Blend market opportunity with your experience and passion
As the practice of law continues to develop into a more complex machine, it is becoming advisable for lawyers to choose their niche and become a specialist in a particular field. Finding your legal practice niche could lead to a more in-depth understanding of an aspect of the law that most interests you, an increase in clients, career longevity, and ultimately, more fees. Having a focus isn’t enough anymore, now your focus must be focused. The issue isn’t whether to specialize, it’s what to specialize in.
Is there an under represented or fringe group that requires specialized attention and someone to fight for their rights? Determine a unique or highly marketable group that needs someone to represent not just a single person, but an entire cause.
Consider the community of your practice. If you live in a large city, there is a broad range of options. You can join a law firm and your specialty might be built into the demands of the firm’s existing clients. Practices that require volume in large cities have numbers on their side; more clients mean a greater need for a specialty. With the right specialty, potential clients will travel to you to seek out your council. If you live in a small town, there might not be the need for a certain practice. Small town niches should reflect the needs of the community, such as small businesses law or property concerns.
Try and identify where the market opportunity and your interests intersect. Does criminal law excite you? If so, do you practice in an area that is near a certain type of court? Perhaps your town is a the hub of Municipal cases. Perhaps your town is a hub for Federal district-wide white collar cases. Which side do you prefer to represent? These are all things that you should take into account to help identify your niche. Take malpractice for instance, you can focus on one specific type of doctor. Perhaps you transition from the crowded medical malpractice space to a dental malpractice practice. Think about what inspired you to pursue law in the first place; this inspiration might be the niche for you. This interest or passion might help fuel you through long nights and potential redundancies in caseloads. Become a master in the field you enjoy, then find a market opportunity that allows you to narrow it down.
Finding your niche might be a leap of faith. Project what will be the next big legal hurdle and you could potentially form a stronghold, resulting in an extremely positive response to your findings. For instance, 40 years ago, insurance fraud wasn’t the behemoth it is today. Attorneys who shifted their practice or fell into the space found an opportunity that provided a sustainable career path.

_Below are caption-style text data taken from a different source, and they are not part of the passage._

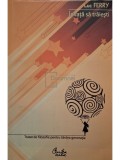 Luc Ferry - Invata sa traiesti - Tratat de filozofie pentru tanara generatie (Editia: 2007)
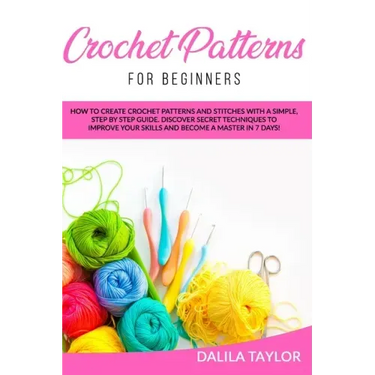 Crochet Patterns for Beginners: How to Create Crochet Patterns and Stitches with a Simple, Step by Step Guide. Discover Secret Techniques to Improve Y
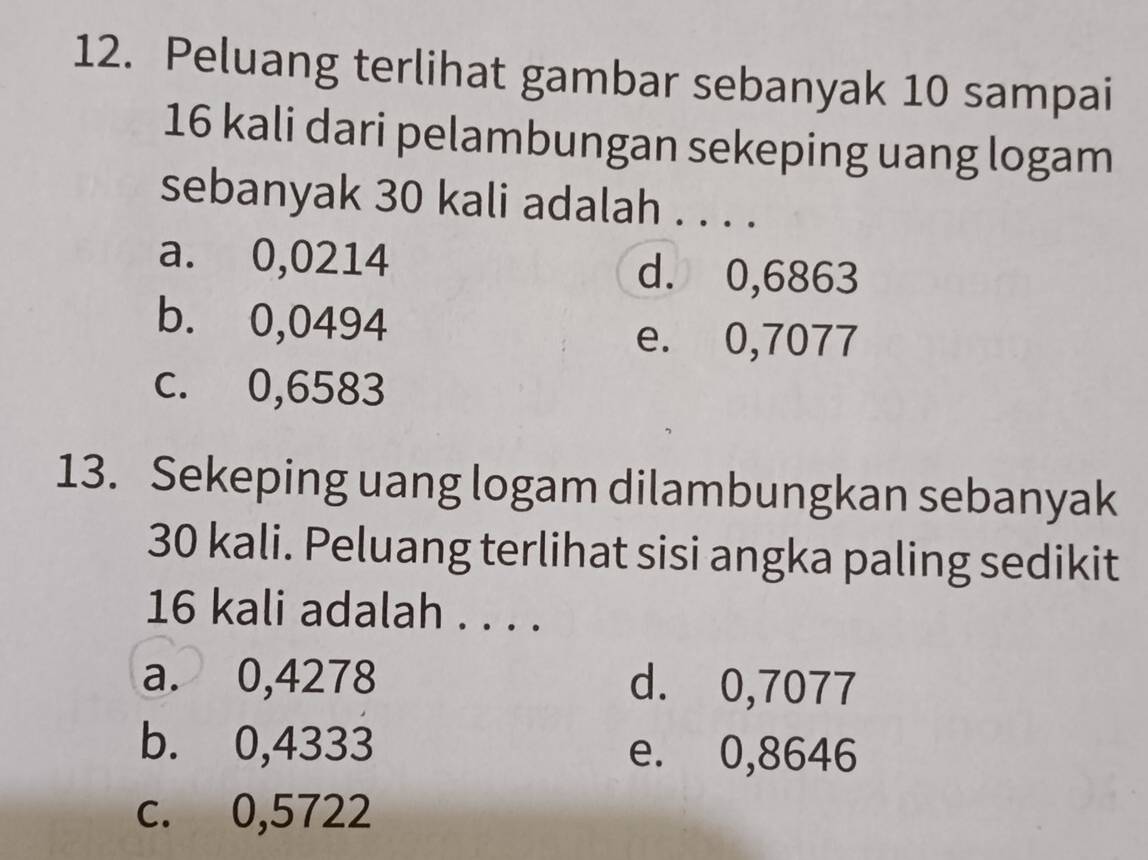 Peluang terlihat gambar sebanyak 10 sampai
16 kali dari pelambungan sekeping uang logam
sebanyak 30 kali adalah . . . .
a. 0,0214 d. 0,6863
b. 0,0494
e. 0,7077
c. 0,6583
13. Sekeping uang logam dilambungkan sebanyak
30 kali. Peluang terlihat sisi angka paling sedikit
16 kali adalah . . . .
a. 0,4278 d. 0,7077
b. 0,4333 e. 0,8646
c. 0,5722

The legal organization that you work for might help determine your specialty as well. Depending on the needs of your firm and the background of your experience, you may get called on to help on the next big Philadelphia patent infringement case. The needs of your law firm and community set the stage for your niche, but only your passion can influence the decision. Find your niche by figuring out how you can best serve yourself so you can best serve the law.